Maksudnya, seseorang melakukan suatu pekerjaan yang pada dasarnya dibolehkan karena mengandung suatu kemaslahatan, tetapi tujuan yang akan dicapai berakhir pada suatu kemafsadatan. Contohnya, dalam masalah zakat. Sebelum waktu haul (batas waktu perhitungan zakat sehingga wajib mengeluarkan zakatnnya) datang, seseorang yang mempunyai sejumlah harta yang wajib dizakatkan, menghibahkan sebagian hartanya kepada anaknya, sehingga berkurang nisab harta itu dan terhindar dari kewajiban zakat.[5] Pada dasarnya, menghibahkan harta kepada anak atau oranglain, dianjurkan oleh syara’, akan tetapi karena tujuan hibah ini adalah dengan tujuan menghindari kewajiban membayar zakat, maka perbuatan ini dilarang. Atas dasar bahwa, zakat itu hukumnya wajib, sedangkan hibah hukumnya sunnat.
Imam al-Syatibi mengemukakan tiga syarat yang harus dipenuhi, sehingga perbuatan itu dilarang:
1.      perbuatan yang dilakukan itu, membawa kepada kemafsadatan,
2.      kemafsadatan lebih kuat dari pada kemaslahatan,
3.      dalam melakukan perbuatan yang dibolehkan, kemafsadatannya lebih banyak.

B.     Dasar Hukum Saad Al-Dzari’at
Dasar hukum saad al-dzari’ah ini terdapat dalam Al-Qur’an dan hadist nabi diantaranya:
  1. Q.S. Al-An’am ayat 108
    Dan janganlah kamu memaki sembahan-sembahan yang mereka sembah selain Allah, Karena mereka nanti akan memaki Allah dengan melampaui batas tanpa pengetahuan. Demikianlah kami jadikan setiap umat menganggap baik pekerjaan mereka. Kemudian kepada Tuhan merekalah kembali mereka, lalu dia memberitakan kepada mereka apa yang dahulu mereka kerjakan.”
    Pada dasarnya menghina dan mencaci penyembah selain Allah itu boleh saja, bahkan jika perlu boleh memeranginya.
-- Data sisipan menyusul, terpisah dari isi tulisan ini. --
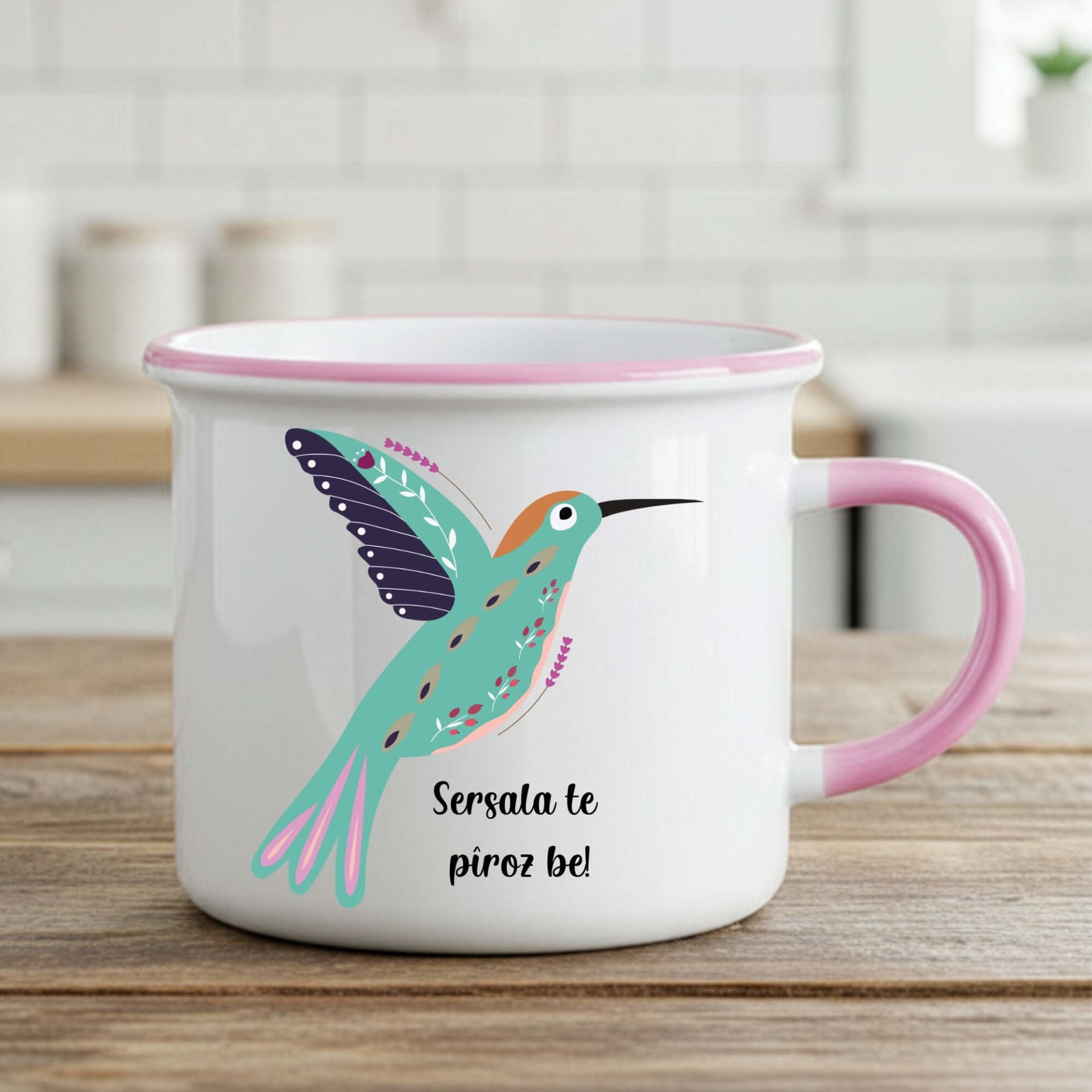 Kürtçe Yılbaşı Kutlamalı Enamel Pembe Kupa Bardağı - Sersala Te Pîroz Be Yazılı Kuş Tasarımlı Enamel Pembe Kupa Bardak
Namun karena perbuatan mencaci dan menghina itu menyebabkan penyembah selain Allah itu akan mencaci Allah, maka perbuatan mencaci dan menghina itu menjadi dilarang.

    1. Q.S an-Nur ayat 31
        janganlah mereka memukulkan kakinyua agar diketahui perhiasan yang mereka sembunyikan. dan bertaubatlah kamu sekalian kepada Allah, Hai orang-orang yang beriman supaya kamu beruntung.”
      Sebenarnya menghentakkan kaki itu boleh-boleh saja bagi perempuan, namun  karena menyebabkan perhiasan yang tersembunyi dapat diketahui orang sehingga akan menimbulkan rangsangan bagi yang mendengar, maka menghentakkan kaki itu menjadi terlarang.[1]

      1. Q.S al-Baqarah: 104
      Dasar hukum saad al-dzari’ah ini juga terdapat dalam surat al-Baqarah ayat 204 yang artinya: “hai orang-orang yang beriman, janganlah kamu katakan (kepada Muhammad) ‘raa’ina’, tetapi katakanlah: ‘unzurna’, dan dengarlah.” (Q,S. al-Baqarah:104).
      Adanya larangan tersebut dikarenakan ucapan “ra’ina” oleh orang-orang  Yahudi dimanfaatkan untuk mencaci nabi. Oleh karena itu, kaum muslimin dilarang mengucapkan kalimat itu untuk menghindarkan timbulnya dzari’ah.

      1. Sabda Nabi Muhammad SAW tentang larangan menimbun harta
      لا تحتكر الا خاطئ                                                                                                               
      “tidak berbuat orang yang menimbun harta kecuali orang yang berbuat salah”.
      Sebab penimbunan harta merupakan dzari’ah  (perantara) yang menyebabkan terjadinya kesulitan/krisis perekonomian dalam masyarakat.[2]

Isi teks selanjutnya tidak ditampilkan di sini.